例えば、お亡くなりになった方に、配偶者・子・両親がそれぞれいた場合には、配偶者と子のみが法定相続人になります。また、お亡くなりになった方に、配偶者・祖父母・兄弟がいた場合には、配偶者と祖父母のみが相続人になります。
第一順位 | 子 |
第二順位 | 直系尊属(両親、両親がいない場合は祖父母) |
第三順位 | 兄弟姉妹 |
そして、この法定相続人が相続できると決められた割合を、法定相続分といいます。法定相続分の割合は、次のとおりです。
配偶者と子 | 配偶者2分の1、子2分の1 |
配偶者と直系尊属(両親・祖父母など) | 配偶者3分の2、直系尊属3分の1 |
第三順位:配偶者と兄弟姉妹 | 配偶者4分の3、兄弟姉妹4分の1 |
上記の法定相続人、法定相続分の割合に、子や兄弟の人数をかけて、それぞれの具体的な法定相続分を計算します。法定相続人が誰かを間違えると、相続登記の手続き自体がやり直しになってしまう可能性が大きいので、間違いのないように計算しましょう。
遺言書を作成していないときには、法定相続分どおりに遺産分割を行うのが原則です。遺言書が存在するときは、遺言書の定めが法定相続分より優先します。そのため、遺産分割協議を行わない場合には、遺言書の通りに相続登記をする必要があります。
法定相続分通りに相続登記手続きを行った後に遺言書が見つかった場合には、その登記は初めから間違っていたことになり、正しいものに直す(=更正登記を申請する)ことが必要になります。
相続人の中に、特別受益や寄与分によって、法定相続分より多くの相続財産を得ることを主張する相続人がいる場合には、遺産分割協議による調整や、家庭裁判所への遺産分割調停の申し立てが必要になります。
また、令和2年4月1日の民法改正により、特別の寄与の制度が新設されました。
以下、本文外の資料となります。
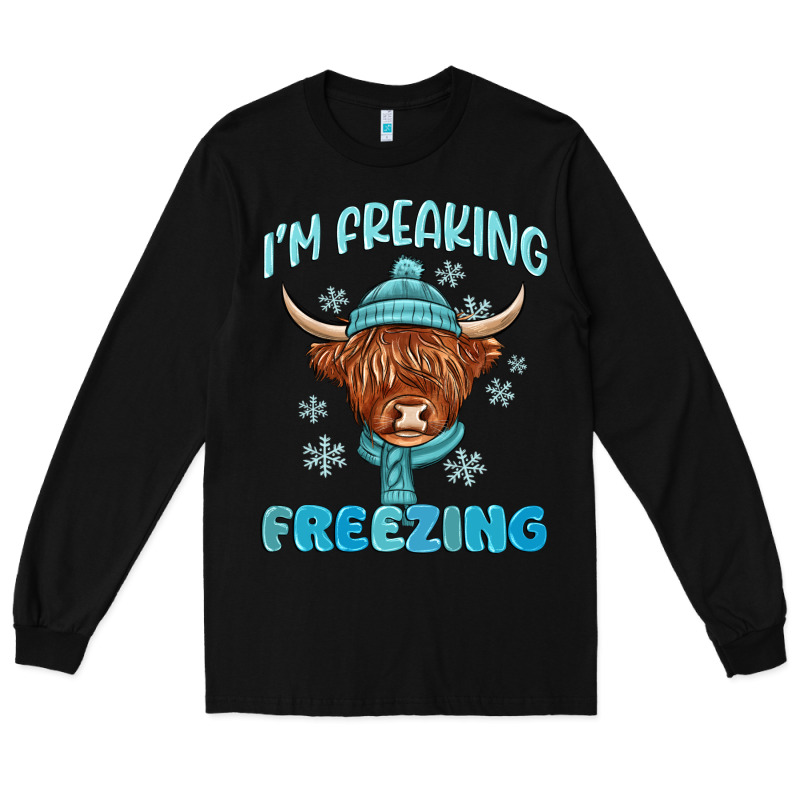 I'm Freaking Freezing Long Sleeve Tee by MaliasSmallBusiness | Teevron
相続人ではない親族(例えば、義理の両親の介護をしていた嫁)が、亡くなった方の看護等をしていた場合、その貢献に応じて一定の金銭を請求することができます。
この請求は、金銭の請求権に限られますので、相続不動産に対して権利を主張することはできません。
法定相続分で相続登記するときの相続登記申請書の書き方
相続登記(相続不動産の名義変更)を行うときには、相続登記申請書を作成して、法務局に提出する方法で行います。このとき、相続登記申請書は、決められた形式があるわけではなく、一般的なルールに基づいて、自分で作成して提出しなければなりません。
まずは、法定相続分で相続登記するときの、相続登記申請書の記載例について、書式・ひな形を示しながら、司法書士が解説していきます。まずは、相続人が妻子のみで、法定相続分にしたがって2分の1ずつ相続する場合の登記申請書をご覧ください。
不動産登記申請書
登記の目的 所有権移転
原 因 令和4年1月1日
相 続 人 (被相続人 相続太郎)
東京都中央区銀座一丁目1番地
相続花子 持分2分の1
東京都中央区銀座一丁目1番地
相続一郎 持分2分の1
連絡先の電話番号 XX-XXXX-XXXX
送付の方法により登記識別情報通知の交付を希望します。
送付先 申請人の住所
連絡先の電話番号 03-1234-5678
添付書類 登記原因情報 住所証明情報その他の事項
送付の方法により登記完了証の交付及び添付書類の原本還付を希望します。
送付先 申請人の住所
令和4年3月1日申請 東京法務局 御中
課税価格 金4,000,000円
登録免許税 金16,000円
不動産の表示
不動産番号 0100XXXXXXXXX
所 在 東京都中央区銀座一丁目
地 番 X番X
地 目 宅地
地 積 50.00㎡
登記の目的
登記の目的とは、その登記をする理由のことを意味します。そして、法定相続分で遺産分割する場合の相続登記の際には、登記の原因を「所有権移転」と記載します。このことは、いずれの続柄の法定相続人でも変わりません。
お亡くなりになったご家族(被相続人)が、不動産を誰かと共有していた場合(不動産の共有持分を持っていた場合)には、登記の原因を「持分移転」と記載します。
登記の原因
登記の原因とは、その登記がなぜ起こったのかを示す欄です。そして、法定相続分にしたがって相続登記をするときには、登記原因には「相続」と記載します。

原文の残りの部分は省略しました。